Contextual Prompt Learning for Vision-Language Understanding

Recent advances in multimodal learning has resulted in powerful vision-language models, whose representations are generalizable across a variety of downstream tasks. Recently, their generalizability has been further extended by incorporating trainable prompts, borrowed from the natural language processing literature. While such prompt learning techniques have shown impressive results, we identify that these prompts are trained based on global image features which limits itself in two aspects: First, by using global features, these prompts could be focusing less on the discriminative foreground image, resulting in poor generalization to various out-of-distribution test cases. Second, existing work weights all prompts equally whereas our intuition is that these prompts are more specific to the type of the image.

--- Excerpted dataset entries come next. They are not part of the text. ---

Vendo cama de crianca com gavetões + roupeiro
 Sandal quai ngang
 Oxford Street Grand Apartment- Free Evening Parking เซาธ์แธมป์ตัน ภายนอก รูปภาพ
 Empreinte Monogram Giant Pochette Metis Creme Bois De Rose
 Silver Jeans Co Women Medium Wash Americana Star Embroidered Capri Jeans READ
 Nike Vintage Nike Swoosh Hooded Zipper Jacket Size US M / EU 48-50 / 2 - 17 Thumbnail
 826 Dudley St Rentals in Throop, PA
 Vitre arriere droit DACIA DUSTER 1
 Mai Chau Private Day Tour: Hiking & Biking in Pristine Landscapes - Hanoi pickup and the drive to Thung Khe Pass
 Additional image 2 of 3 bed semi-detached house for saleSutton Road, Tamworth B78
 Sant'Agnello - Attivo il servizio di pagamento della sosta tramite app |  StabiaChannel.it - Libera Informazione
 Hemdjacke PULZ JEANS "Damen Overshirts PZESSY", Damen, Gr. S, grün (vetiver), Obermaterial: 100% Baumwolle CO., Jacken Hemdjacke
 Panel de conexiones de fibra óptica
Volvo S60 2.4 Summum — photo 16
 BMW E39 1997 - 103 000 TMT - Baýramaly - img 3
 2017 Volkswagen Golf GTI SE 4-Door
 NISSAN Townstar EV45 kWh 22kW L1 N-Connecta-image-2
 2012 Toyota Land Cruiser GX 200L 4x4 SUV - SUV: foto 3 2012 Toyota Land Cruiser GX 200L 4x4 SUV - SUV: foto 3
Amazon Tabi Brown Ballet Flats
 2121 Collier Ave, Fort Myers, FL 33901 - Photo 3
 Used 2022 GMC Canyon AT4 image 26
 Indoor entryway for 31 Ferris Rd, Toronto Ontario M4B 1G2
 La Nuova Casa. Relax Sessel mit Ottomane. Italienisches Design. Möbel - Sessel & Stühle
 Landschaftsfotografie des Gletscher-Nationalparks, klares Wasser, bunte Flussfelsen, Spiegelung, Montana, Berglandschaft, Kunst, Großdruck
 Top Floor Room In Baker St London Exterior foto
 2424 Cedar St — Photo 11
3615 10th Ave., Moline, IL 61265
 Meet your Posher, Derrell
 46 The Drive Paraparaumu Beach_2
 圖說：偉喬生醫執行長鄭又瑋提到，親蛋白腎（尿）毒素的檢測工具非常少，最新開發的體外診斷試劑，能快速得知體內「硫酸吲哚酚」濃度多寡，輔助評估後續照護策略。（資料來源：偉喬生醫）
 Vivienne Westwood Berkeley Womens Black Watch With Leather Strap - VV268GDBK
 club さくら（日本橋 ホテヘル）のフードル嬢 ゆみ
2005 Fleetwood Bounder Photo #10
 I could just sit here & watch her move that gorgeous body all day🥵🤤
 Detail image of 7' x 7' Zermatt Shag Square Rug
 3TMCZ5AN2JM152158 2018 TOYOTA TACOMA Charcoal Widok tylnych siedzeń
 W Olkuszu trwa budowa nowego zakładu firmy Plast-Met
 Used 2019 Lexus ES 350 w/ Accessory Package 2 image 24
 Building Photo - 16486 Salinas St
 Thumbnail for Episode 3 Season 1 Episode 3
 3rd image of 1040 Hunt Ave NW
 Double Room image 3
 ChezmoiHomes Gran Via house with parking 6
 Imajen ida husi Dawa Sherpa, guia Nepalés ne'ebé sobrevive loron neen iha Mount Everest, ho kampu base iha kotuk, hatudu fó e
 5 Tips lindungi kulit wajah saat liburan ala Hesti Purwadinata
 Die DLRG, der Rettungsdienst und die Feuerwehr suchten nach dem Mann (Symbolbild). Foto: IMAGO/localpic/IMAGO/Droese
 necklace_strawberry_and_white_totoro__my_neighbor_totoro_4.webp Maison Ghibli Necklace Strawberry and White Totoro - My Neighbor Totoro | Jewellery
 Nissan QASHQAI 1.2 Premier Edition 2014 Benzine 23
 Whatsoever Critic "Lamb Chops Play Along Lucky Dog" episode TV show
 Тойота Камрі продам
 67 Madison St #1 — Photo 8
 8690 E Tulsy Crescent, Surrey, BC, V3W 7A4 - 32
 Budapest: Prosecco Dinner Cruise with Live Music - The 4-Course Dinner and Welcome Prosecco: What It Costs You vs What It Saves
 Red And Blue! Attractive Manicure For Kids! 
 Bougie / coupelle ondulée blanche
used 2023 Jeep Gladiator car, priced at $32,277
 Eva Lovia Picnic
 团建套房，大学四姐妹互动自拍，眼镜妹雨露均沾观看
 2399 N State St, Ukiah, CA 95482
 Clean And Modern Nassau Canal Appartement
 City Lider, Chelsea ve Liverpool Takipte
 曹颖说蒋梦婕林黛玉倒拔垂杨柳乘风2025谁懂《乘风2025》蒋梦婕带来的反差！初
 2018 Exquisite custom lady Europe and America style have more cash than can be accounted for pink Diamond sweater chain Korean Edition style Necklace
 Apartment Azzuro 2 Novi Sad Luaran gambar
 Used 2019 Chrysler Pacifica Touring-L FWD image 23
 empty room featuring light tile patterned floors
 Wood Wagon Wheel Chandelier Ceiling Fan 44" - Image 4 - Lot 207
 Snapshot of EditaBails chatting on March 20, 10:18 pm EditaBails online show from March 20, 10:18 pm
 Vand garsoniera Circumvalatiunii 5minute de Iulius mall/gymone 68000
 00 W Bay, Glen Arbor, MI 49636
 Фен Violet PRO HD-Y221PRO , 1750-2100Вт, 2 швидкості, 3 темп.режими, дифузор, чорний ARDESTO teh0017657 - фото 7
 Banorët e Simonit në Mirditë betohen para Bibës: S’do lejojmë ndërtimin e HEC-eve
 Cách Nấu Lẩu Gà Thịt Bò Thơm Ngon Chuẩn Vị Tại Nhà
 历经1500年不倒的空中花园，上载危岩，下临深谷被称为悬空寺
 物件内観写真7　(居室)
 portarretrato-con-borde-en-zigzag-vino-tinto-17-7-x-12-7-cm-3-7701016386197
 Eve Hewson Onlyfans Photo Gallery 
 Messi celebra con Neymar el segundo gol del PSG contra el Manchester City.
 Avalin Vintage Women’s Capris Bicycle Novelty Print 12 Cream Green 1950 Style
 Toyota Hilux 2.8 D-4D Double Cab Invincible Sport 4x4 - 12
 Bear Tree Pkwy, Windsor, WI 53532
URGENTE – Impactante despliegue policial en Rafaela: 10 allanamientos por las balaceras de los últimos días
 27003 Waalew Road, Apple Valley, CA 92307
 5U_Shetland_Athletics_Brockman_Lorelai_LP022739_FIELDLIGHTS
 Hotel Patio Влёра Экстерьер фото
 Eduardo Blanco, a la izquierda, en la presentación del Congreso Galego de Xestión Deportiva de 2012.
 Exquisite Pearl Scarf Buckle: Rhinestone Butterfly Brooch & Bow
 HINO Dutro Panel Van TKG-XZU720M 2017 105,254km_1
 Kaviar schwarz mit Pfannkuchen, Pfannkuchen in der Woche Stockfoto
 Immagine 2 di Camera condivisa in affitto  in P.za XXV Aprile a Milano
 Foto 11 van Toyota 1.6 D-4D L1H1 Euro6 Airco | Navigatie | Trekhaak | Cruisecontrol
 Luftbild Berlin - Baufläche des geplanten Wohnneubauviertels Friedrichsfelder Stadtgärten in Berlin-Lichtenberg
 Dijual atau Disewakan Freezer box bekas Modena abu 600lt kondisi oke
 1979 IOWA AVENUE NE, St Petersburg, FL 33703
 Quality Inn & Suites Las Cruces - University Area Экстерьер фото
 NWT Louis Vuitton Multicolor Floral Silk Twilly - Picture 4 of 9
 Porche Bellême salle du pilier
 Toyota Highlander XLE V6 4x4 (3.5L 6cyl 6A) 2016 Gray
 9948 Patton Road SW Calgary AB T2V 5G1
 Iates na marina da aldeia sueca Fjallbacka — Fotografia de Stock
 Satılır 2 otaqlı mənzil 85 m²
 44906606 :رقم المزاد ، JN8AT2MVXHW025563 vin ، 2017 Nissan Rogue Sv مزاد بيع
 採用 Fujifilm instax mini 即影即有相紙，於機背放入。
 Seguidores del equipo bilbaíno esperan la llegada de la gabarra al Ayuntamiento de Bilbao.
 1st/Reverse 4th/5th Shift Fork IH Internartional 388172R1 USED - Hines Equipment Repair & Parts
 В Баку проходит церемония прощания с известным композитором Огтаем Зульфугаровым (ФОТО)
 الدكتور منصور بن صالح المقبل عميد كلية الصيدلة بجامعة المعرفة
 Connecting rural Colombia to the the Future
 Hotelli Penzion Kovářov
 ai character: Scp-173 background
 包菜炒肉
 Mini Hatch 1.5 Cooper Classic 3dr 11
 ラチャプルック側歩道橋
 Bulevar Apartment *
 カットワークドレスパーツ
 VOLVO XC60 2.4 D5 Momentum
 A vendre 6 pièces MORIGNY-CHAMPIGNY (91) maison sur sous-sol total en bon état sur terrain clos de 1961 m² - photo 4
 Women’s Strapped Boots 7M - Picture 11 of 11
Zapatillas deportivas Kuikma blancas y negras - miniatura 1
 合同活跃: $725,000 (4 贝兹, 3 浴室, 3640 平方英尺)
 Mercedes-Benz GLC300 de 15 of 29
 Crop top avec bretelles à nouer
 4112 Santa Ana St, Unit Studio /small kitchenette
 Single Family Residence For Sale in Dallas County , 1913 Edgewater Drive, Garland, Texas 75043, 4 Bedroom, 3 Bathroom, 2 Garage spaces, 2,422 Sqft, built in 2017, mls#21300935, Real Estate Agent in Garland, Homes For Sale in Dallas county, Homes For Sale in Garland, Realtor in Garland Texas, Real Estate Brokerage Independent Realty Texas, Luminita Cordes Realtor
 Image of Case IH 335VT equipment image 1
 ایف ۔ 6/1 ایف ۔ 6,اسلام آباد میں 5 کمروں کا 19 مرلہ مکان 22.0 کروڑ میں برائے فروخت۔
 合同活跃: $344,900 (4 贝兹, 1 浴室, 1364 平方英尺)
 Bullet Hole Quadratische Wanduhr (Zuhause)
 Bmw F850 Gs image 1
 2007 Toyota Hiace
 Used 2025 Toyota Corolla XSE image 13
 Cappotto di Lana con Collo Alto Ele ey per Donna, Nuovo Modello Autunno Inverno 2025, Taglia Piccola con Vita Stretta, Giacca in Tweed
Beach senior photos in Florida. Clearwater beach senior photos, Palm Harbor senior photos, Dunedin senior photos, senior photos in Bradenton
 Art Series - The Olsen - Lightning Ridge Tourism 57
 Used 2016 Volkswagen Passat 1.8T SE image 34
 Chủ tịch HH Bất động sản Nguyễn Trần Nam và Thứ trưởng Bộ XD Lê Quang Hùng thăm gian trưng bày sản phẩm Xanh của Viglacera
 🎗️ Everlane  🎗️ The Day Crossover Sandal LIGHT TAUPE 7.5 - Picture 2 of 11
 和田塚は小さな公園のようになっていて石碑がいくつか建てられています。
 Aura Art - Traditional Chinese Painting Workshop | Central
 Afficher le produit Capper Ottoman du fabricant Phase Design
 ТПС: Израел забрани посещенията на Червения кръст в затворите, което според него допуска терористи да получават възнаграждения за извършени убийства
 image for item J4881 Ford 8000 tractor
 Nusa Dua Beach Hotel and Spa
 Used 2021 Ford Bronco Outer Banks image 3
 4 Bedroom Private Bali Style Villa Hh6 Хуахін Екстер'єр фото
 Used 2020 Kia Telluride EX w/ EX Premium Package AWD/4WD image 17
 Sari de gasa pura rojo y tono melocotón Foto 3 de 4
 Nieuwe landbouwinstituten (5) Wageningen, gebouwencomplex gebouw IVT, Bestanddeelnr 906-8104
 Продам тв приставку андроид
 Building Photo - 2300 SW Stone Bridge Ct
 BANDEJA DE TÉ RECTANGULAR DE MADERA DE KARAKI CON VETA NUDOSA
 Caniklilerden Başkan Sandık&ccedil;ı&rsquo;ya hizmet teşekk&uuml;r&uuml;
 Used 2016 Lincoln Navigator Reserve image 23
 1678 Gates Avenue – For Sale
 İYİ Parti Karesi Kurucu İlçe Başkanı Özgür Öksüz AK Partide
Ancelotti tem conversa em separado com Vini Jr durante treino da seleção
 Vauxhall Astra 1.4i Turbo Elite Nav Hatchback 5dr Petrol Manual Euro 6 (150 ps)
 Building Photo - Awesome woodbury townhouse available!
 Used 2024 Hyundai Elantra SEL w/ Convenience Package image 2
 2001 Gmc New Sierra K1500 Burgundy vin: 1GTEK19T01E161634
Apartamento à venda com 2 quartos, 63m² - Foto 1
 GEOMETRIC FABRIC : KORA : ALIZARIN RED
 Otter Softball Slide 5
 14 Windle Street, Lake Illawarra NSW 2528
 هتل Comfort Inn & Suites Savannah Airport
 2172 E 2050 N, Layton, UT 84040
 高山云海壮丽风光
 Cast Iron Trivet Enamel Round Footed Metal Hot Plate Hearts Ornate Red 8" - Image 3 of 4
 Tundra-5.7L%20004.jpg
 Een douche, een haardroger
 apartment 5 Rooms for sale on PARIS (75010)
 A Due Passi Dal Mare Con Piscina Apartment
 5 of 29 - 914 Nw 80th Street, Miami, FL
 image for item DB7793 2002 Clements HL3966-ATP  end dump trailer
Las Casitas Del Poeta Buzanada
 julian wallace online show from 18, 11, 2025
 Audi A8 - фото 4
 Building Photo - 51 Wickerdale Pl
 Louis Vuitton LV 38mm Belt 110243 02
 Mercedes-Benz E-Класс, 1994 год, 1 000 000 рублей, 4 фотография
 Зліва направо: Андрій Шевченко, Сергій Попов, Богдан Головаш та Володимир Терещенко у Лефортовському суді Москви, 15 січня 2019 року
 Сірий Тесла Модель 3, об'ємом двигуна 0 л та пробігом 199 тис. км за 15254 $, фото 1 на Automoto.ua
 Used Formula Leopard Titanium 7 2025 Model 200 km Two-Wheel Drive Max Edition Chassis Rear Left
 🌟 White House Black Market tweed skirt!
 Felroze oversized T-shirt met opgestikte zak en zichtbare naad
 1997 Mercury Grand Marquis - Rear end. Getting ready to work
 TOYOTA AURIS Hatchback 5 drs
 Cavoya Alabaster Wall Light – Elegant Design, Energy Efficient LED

We address these issues with as part of our proposed Contextual Prompt Learning (CoPL) framework, capable of aligning the prompts to the localized features of the image. Our key innovations over earlier works include using local image features as part of the prompt learning process, and more crucially, learning to weight these prompts based on local features that are appropriate for the task at hand. This gives us dynamic prompts that are both aligned to local image features as well as aware of local contextual relationships. Our extensive set of experiments on a variety of standard and few-shot datasets show that our method produces substantially improved performance when compared to the current state of the art methods. We also demonstrate both few-shot and out-of-distribution performance to establish the utility of learning dynamic prompts that are aligned to local image features.

翻译：多模态学习的最新进展催生了强大的视觉-语言模型，其表征能力可泛化至多种下游任务。近年来，通过引入从自然语言处理文献中借鉴的可训练提示（prompts），这类模型的泛化能力得到进一步拓展。尽管此类提示学习技术已展现出显著效果，但我们发现这些提示是基于全局图像特征训练的，这存在两方面局限：首先，使用全局特征可能导致提示对判别性前景图像的关注不足，从而降低在不同分布外测试案例上的泛化能力；其次，现有研究将所有提示赋予相同权重，而我们直觉认为这些提示应更具图像类型特异性。为此，我们提出上下文提示学习（Contextual Prompt Learning, CoPL）框架来解决上述问题，该框架能够将提示与图像的局部特征进行对齐。相较于以往研究，我们的核心创新包括：将局部图像特征纳入提示学习过程，以及更关键地，基于任务适应的局部特征学习提示权重分配。由此产生的动态提示既能与局部图像特征对齐，又能感知局部上下文关系。在多个标准数据集和少样本数据集上的大量实验表明，我们的方法相比当前最先进方法获得了显著性能提升。同时，我们通过少样本和分布外性能测试，验证了学习与局部图像特征对齐的动态提示的有效性。